Ese alimento que es Cristo en la Eucaristía es muy “especial”, porque no funciona como los demás alimentos. Cuando ingerimos los demás alimentos, nuestro organismo los asimila y pasan a formar parte de nuestro cuerpo y de nuestra sangre. Pero cuando recibimos a Cristo en la Eucaristía, es al revés: nosotros nos asimilamos a El, “nos unimos a El y nos hacemos con El un solo cuerpo y una sola carne” (San Juan Crisóstomo).
Pero es “especial”, además, porque nos da Vida Eterna. Bien les dice Jesús: “Sus padres comieron el maná en el desierto y sin embargo murieron. Este es el Pan que ha bajado del Cielo, para que, quien lo coma, no muera … Y el que coma de este Pan vivirá para siempre”. Gran regalo que nos ha dejado el Señor. Ese Regalo es Él mismo, para ser alimento de nuestra vida espiritual.

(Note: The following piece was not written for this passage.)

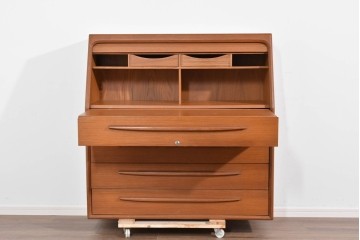 《台輪取り付け加工費込み》デンマークヴィンテージ　ベルンハルト・ペダーセン(Bernh.Pedersen&Son)社　チーク材　蛇腹タイプのシャッター扉が特徴のライティングビューロー　(R-085788)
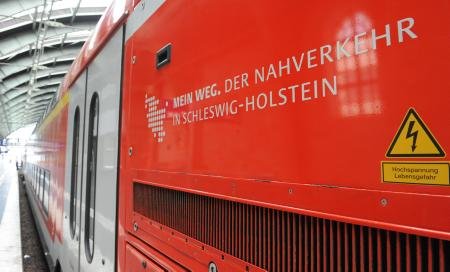 S-Bahn-Ersatz aus Schleswig-Holstein im Einsatz zwischen Ostbahnhof und Potsdam.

En el Antiguo Testamento hay un pasaje en la vida del Profeta Elías que nos recuerda algo muy importante de la Eucaristía. Elías estaba moribundo en el desierto. Pero Dios envió un Ángel que lo despertó para darle comida. Y “con la fuerza de aquel alimento caminó cuarenta días y cuarenta noches hasta el Horeb, el monte de Dios” (1 R 19, 4-8).
Alimentado así, Elías hizo su travesía por el desierto hasta llegar al monte de Dios. El alimento del Cuerpo y la Sangre de Cristo nos da a nosotros fuerza para realizar el viaje hacia la eternidad, viaje que -por cierto- ya hemos comenzado todos los que vivimos en esta tierra. ¡Y mejor es que vayamos bien alimentados!